══ EXTRACTED ENTRIES

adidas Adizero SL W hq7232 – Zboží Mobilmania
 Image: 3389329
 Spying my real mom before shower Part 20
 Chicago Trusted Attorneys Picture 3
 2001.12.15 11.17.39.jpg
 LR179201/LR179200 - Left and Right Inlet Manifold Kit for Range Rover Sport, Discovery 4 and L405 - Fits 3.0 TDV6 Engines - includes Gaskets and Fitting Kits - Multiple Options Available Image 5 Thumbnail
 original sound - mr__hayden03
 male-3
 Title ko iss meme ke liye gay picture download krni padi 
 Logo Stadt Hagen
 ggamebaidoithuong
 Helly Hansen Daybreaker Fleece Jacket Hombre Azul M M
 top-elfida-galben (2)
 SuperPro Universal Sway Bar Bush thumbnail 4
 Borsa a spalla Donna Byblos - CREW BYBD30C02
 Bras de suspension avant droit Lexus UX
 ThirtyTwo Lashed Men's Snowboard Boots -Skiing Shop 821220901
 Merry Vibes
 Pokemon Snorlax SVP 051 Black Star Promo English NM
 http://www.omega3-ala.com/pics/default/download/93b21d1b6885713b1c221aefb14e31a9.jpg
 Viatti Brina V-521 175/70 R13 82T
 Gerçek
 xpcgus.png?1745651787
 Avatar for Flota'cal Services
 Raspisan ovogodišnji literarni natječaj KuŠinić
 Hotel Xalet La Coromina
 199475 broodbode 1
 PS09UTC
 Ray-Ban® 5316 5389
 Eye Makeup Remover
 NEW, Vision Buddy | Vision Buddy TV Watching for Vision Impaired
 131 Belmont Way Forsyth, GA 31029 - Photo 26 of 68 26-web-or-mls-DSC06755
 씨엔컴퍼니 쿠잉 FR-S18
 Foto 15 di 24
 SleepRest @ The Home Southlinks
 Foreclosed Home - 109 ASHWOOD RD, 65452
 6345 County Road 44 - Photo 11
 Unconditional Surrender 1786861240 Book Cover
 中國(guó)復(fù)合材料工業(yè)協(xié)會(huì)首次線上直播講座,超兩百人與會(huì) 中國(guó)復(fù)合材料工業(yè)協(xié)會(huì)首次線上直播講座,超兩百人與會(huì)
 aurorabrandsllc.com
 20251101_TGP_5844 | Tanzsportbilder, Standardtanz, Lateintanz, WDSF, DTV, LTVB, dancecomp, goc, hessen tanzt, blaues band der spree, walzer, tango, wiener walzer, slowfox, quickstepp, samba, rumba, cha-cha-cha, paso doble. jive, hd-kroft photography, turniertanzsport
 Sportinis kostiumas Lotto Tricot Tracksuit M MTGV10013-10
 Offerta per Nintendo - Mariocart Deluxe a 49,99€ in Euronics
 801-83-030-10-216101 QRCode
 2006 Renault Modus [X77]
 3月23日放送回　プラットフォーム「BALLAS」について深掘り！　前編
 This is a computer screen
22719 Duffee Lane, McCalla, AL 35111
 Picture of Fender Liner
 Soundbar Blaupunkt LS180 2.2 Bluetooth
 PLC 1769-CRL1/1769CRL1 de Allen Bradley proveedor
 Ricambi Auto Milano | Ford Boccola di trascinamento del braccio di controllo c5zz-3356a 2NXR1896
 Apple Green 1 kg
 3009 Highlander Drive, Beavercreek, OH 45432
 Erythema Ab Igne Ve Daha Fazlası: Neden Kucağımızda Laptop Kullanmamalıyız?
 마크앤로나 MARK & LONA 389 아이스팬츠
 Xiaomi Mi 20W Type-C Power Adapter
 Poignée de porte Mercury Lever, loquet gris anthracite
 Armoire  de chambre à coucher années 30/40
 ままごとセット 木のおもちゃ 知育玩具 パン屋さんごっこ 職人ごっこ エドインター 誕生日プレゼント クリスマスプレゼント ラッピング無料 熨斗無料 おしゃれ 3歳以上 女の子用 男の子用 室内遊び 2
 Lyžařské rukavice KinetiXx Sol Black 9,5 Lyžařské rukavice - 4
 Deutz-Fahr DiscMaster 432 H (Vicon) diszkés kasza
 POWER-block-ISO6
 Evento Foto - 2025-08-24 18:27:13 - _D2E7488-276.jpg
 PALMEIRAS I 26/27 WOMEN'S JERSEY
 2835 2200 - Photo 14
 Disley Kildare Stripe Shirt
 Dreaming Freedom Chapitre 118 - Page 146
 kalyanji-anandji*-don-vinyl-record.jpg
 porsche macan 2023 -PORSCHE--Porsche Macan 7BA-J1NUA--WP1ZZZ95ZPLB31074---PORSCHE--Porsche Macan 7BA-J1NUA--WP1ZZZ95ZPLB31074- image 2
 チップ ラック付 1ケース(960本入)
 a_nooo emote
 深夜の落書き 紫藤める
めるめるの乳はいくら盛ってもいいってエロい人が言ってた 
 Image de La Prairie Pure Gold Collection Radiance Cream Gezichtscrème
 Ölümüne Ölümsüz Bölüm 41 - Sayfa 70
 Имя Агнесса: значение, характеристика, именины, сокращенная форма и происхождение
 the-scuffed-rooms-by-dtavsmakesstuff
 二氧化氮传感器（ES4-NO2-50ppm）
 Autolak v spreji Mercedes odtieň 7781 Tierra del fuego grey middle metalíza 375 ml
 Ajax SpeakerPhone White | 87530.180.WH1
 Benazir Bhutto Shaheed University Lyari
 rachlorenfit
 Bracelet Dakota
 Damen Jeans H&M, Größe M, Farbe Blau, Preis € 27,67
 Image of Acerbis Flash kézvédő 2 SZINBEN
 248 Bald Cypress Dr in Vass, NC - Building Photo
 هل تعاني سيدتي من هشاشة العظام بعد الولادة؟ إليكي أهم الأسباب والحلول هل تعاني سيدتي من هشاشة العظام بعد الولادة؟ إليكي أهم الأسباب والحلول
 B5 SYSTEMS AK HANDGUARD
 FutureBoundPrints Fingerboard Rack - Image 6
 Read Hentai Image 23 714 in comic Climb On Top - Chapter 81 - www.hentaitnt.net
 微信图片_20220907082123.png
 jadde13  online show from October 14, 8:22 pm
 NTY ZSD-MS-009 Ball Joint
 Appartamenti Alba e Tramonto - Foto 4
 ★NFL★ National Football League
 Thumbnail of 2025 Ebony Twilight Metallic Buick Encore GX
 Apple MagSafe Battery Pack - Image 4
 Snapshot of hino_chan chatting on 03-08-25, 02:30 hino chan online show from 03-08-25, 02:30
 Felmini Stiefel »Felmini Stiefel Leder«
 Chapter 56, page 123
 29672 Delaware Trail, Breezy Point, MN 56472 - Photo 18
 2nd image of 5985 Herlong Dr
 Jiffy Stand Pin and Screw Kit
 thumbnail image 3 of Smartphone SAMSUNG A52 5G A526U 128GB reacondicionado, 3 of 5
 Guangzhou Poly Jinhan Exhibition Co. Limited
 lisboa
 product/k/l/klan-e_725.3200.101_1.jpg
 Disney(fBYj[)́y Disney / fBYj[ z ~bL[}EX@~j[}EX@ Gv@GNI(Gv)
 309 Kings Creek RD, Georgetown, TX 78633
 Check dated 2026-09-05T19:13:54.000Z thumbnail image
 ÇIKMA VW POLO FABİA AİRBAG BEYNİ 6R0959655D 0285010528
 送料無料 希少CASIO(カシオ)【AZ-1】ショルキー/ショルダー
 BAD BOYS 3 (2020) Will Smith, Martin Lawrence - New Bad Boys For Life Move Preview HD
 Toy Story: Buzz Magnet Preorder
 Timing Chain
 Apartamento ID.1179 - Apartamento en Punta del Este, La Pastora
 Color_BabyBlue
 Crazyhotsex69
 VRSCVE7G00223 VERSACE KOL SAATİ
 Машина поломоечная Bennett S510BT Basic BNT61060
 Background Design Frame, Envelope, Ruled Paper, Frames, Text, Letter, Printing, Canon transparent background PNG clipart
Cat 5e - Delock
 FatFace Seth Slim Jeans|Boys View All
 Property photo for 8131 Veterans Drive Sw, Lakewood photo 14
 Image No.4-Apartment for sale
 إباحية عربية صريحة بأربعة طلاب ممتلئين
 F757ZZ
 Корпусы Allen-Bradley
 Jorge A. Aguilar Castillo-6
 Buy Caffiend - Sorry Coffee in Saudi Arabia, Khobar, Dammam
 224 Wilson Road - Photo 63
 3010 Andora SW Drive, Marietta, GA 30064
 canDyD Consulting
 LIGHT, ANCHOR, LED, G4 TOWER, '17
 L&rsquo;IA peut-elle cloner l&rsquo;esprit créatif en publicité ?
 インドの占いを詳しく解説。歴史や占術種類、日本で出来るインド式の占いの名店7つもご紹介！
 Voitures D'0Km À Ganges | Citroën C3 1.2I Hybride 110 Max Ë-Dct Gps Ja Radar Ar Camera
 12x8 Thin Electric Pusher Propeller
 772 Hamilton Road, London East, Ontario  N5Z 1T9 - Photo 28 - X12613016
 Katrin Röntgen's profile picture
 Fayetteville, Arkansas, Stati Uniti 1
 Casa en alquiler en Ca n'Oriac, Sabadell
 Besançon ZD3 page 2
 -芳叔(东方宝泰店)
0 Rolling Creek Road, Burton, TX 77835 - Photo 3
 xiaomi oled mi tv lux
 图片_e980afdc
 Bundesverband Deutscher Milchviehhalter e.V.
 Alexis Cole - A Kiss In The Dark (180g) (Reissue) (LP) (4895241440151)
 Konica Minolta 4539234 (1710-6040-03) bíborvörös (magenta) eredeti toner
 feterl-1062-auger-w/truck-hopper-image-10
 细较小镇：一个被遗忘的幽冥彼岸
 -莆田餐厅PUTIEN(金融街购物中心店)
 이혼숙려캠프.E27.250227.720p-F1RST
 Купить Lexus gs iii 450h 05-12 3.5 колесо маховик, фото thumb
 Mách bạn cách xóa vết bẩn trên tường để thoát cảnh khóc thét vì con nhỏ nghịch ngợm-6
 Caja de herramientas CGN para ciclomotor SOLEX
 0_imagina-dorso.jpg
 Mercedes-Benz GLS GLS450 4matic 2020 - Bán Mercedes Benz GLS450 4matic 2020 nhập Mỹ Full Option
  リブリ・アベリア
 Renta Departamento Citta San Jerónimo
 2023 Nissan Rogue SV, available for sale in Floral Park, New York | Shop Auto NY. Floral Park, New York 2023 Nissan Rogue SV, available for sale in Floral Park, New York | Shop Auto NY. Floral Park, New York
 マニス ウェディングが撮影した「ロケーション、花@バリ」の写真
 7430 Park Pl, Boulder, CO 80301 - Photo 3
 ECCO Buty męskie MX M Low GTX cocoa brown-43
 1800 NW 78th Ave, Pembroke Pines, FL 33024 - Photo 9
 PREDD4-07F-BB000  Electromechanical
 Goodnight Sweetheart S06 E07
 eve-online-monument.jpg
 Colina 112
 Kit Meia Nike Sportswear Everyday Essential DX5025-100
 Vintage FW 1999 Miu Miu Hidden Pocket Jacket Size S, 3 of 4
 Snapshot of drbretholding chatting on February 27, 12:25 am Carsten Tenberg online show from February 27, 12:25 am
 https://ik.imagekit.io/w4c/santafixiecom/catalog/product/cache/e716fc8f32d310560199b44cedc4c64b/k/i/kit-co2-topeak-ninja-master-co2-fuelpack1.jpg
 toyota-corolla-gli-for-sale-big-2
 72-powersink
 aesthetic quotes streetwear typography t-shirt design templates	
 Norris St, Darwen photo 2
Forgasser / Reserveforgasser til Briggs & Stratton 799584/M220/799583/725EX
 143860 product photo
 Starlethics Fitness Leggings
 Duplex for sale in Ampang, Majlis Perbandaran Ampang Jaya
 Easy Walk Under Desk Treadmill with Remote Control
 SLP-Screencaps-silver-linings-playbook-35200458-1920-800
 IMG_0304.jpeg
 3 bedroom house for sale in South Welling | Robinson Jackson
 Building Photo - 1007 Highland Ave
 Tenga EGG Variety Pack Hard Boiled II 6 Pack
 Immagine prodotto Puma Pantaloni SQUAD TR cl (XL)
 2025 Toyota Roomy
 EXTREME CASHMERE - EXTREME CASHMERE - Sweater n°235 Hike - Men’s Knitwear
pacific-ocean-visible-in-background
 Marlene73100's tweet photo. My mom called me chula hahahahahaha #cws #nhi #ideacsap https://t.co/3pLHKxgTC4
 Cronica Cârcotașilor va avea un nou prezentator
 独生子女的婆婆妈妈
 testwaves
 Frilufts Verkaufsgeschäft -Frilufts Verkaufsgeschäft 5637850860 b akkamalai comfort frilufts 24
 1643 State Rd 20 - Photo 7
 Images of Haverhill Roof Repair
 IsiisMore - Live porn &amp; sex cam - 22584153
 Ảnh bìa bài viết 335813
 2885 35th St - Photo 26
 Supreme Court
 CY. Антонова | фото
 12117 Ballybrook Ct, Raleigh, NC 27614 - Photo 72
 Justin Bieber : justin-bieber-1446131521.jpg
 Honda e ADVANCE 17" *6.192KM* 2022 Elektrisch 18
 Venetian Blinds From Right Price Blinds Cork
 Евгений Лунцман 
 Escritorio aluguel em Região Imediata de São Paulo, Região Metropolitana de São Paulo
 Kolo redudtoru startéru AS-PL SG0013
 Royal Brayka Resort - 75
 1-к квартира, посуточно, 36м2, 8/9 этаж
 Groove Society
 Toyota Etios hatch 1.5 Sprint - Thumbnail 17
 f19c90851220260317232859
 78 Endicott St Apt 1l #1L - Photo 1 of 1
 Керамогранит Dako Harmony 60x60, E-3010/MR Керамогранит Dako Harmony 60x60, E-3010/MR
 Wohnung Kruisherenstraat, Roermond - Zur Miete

════

▶ _WHAT TO PRODUCE_
In the records above, find each line that mentions the word "Apple", and copy it.

▶ _TASK OUTPUT_
 Apple Green 1 kg
 Apple MagSafe Battery Pack - Image 4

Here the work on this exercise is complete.